We’ll start with a buildCheckSchema function that simply returns a new schema for our "check"-type subdocuments. This schema doesn’t have any children, so it doesn’t need to define any new discriminators:


const buildCheckSchema = () =>
  new Schema({
    field: String,
    comparator: {
      type: String,
      enum: ['&&', '||']
    },
    value: Number
  }, { _id: false });

Our buildReducerSchema function needs to be a little more sophisticated. First, it needs to create the "reducer"-type sub-schema. Next, it needs to attach "reducer" and "check" discriminators to the checks field of that new schema with recursive calls to buildCheckSchema and buildReducerSchema:


const buildReducerSchema = () => {
    let reducerSchema = new Schema(
        {
            reducer: {
                type: String,
                enum: ['&&', '||']
            },
            checks: [checkSchema]
        },
        { _id: false }
    );
    reducerSchema.path('checks').discriminator('reducer', buildReducerSchema());
    reducerSchema.path('checks').discriminator('check', buildCheckSchema());
    return reducerSchema;
};

While this works in concept, it blows up in practice. Mongoose’s discriminator function greedily consumes the schemas passed into it, which creates an infinite recursive loop that blows the top off of our stack.

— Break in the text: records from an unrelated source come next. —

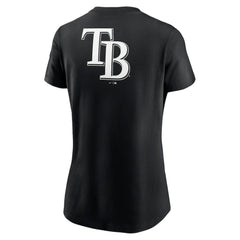 Tampa Bay Rays Women's Over Shoulder T-Shirt Black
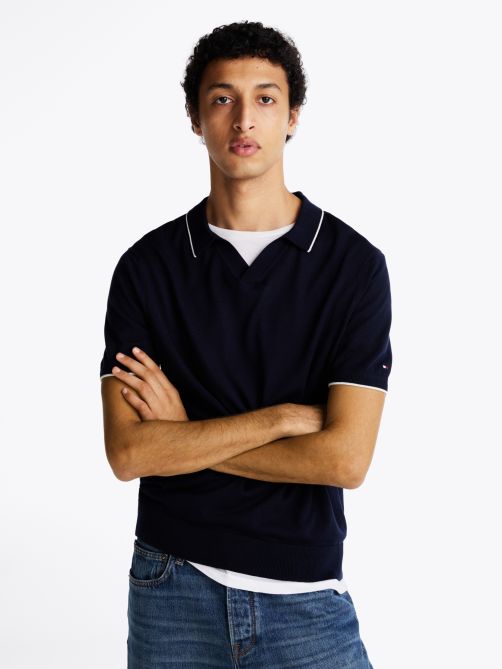 Knitted Cotton Polo Shirt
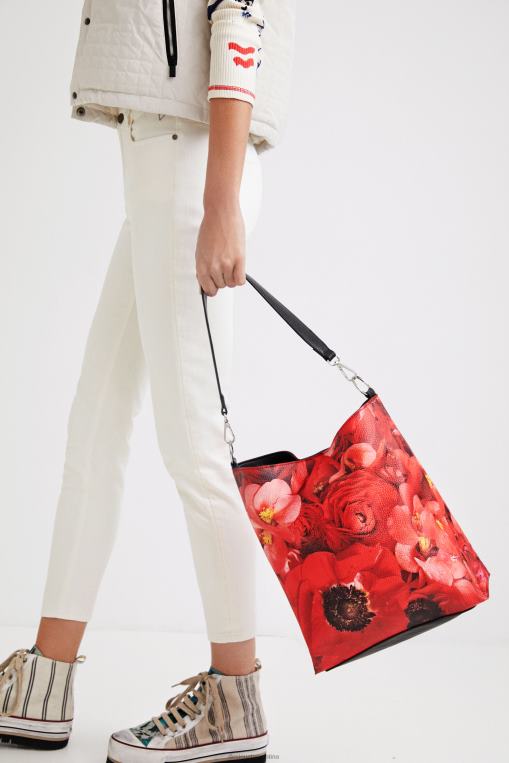 mujer accesorio 8H0V1204 bolso saco amapolas Desigual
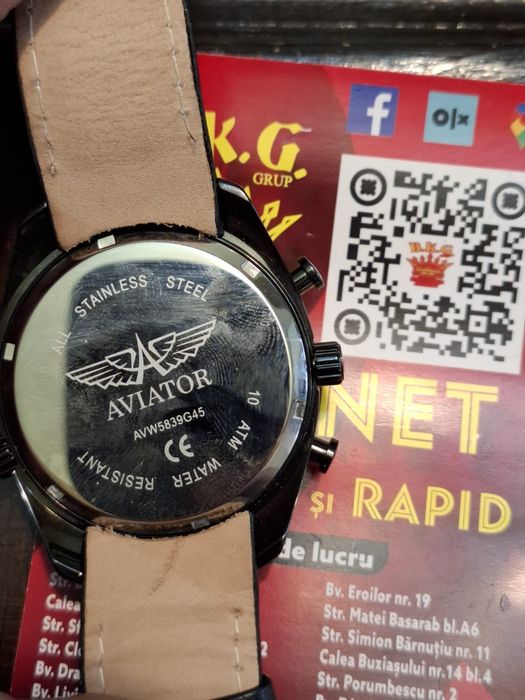 Ceas Aviator Amanet BKG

The solution I landed on with this problem is to limit the number of recursive calls we can make to buildReducerSchema to some maximum value. We can add this limit by passing an optional n argument to buildReducerSchema that defaults to 0. Every time we call buildReducerSchema from within buildReducerSchema, we’ll pass it an incremented value of n:


reducerSchema.path('checks').discriminator('reducer', buildReducerSchema(n + 1));

Next, we’ll use the value of n to enforce our maximum recursion limit:


const buildReducerSchema = (n = 0) => {
  if (n > 100) {
    return buildCheckSchema();
  }
  ...
};

If we reach one hundred recursions, we simply force the next layer to be a "check"-type schema, gracefully terminating the schema stack.

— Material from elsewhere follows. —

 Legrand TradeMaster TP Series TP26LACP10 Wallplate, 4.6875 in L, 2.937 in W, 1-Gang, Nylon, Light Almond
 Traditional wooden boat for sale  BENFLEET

To finish things off, we need to pass our baseSchema these recursively constructed discriminators (without an initial value of n):


baseSchema.path("checks").discriminator("reducer", buildReducerSchema());
baseSchema.path("checks").discriminator("check", buildCheckSchema());

And that’s it!

Against all odds we managed to build a nested, discriminator-based schema that can fully represent any formula we throw at it, up to a depth of one hundred reducers deep. At the end of the day, I’m happy with that solution.